Há 40 anos, mal conseguiu pregar olho a noite inteira. Quantos terão sentido semelhante agitação? Portugal despertava para o primeiro sufrágio livre e universal da sua História. Longas filas formavam-se frente às mesas de voto. Numa mais se viu tamanha afluência – a taxa de abstenção foi de 8,5%.

José Ribeiro nunca tinha votado. Poucos podiam votar antes do 25 de Abril de 1974. Nem percebia os critérios. “O meu falecido pai podia votar e era analfabeto. Foi militar e tinha uma credencial do Estado para votar. Eu não podia votar e tinha o ciclo preparatório e trabalhava na CP.”

Aquelas primeiras eleições serviram para eleger a Assembleia Constituinte. José Ribeiro votou em Espinho, com a mulher. No boletim de voto figuravam 14 forças políticas. Não se atrapalhou. “Votei e nunca mais deixei de votar, embora agora esteja revoltado por isto estar a voltar ao mesmo.”

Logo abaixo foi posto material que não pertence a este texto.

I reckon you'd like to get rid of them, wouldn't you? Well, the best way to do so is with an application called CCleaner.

Ao som da Grândola Vila Morena, de José Afonso, arrancava o chamado “Desfile da Liberdade”. Debaixo da chuva insistente, a canção-sinal depressa era substituída pelas costumeiras palavras de ordem da CGTP-IN.

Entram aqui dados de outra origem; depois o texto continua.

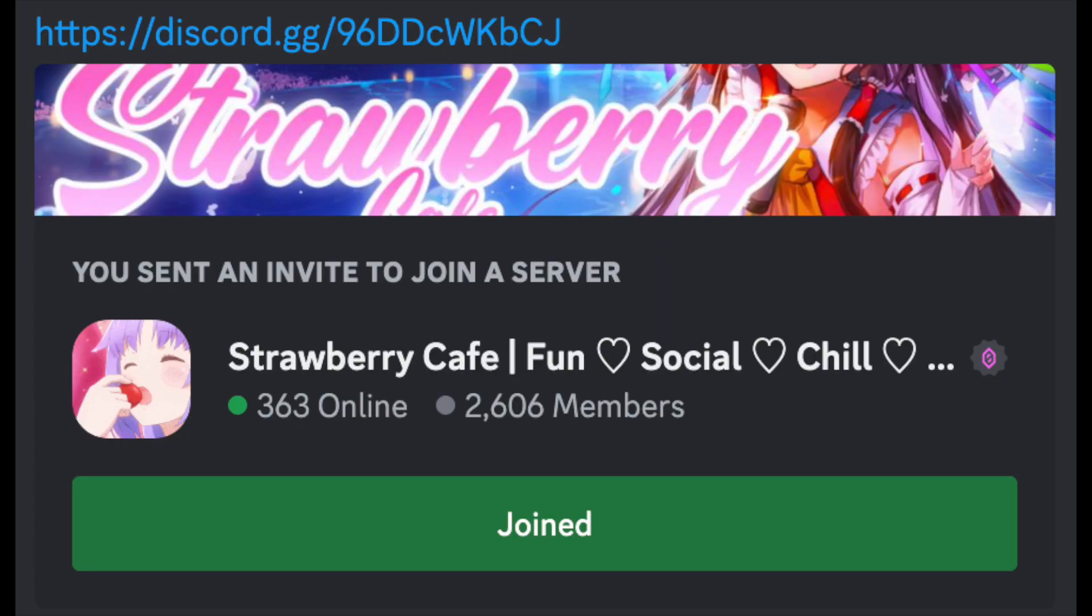Hi, before we start with the video, make sure to join the Discord server, Strawberry Cafe.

Direitos conquistados – gritava alguém.

Não podem ser roubados – respondiam os manifestantes em coro.

Abril de novo…

Com a força do povo!

Havia em José Ribeiro uma indisfarcável vontade de saltar para o meio da rua do Heroísmo. Assusta-o o avanço do desemprego, da pobreza, e o recuo da protecção social. Sabe estar longe de outros tempos e é o mais longe possível que se quer manter. Mesmo num encontro fortuito, debaixo de um alpendre, enquanto o desfile passa, pode contar histórias de arrepiar, como esta: uma vez, numa deslocação do então Presidente da República, Américo Tomás, um rapaz que trabalhava na CP comentou com um colega: “É pá, tanta gente a passar fome e este aparato todo!” Não tardaram a ser ambos levados por um agente da polícia política. “Nunca mais trabalharam na CP!”

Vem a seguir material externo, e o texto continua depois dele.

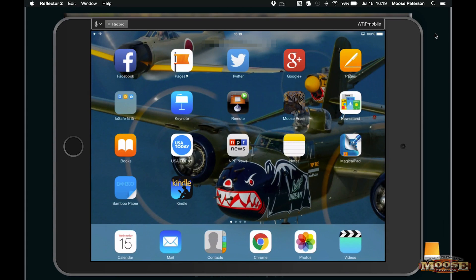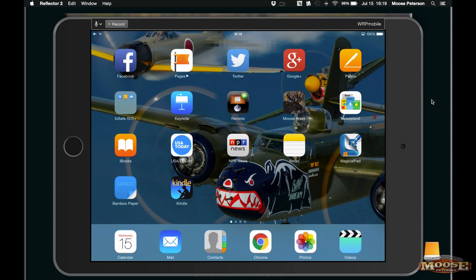Hey folks, Moose here. You might be a little confused by what you're seeing. I thought I was done doing videos on the iOS A1515 Plus, but what you've got here is basically my iPad. I'm using an app called Reflector 2 so you can actually see my iPad through the Mac and see what I'm doing.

“Era um regime de terror”, enfatizava o homem, que vai nos 75 anos, está reformado há 15. “Só a liberdade das pessoas vale tudo!” A liberdade de falar, mas também a de eleger. “Pelo menos quem tem consciência, tem de votar para se defender. Se nos tirarem isso, tiram-nos tudo.”

O desfile prosseguia. Pessoas do sexo masculino, do sexo feminino, muitas envelhecidas, algumas ainda crianças, em passo lento, ainda que menos do que se o céu estivesse limpo. Muitos cravos vermelhos debaixo de guarda-chuvas, amiúde pretos, rumo à Avenida dos Aliados.

Aos fascistas custará…

 mas Abril vencerá!

 Para nós e muito mil…

 Vivam os valores de Abril!

Entre familiares, amigos, conhecidos, desconhecidos, desfilava Maria José Oliveira Peixoto. Também ela votou há 40 anos pela primeira vez. Fê-lo no Porto. Contava 29 anos. “Fui com os meus pais e a minha irmã. Éramos da mesma mesa de voto, uma vez que residíamos na mesma casa. Fomos depois do almoço. Até à hora do almoço, havia muita gente.” Muitos iam antes ou depois da missa.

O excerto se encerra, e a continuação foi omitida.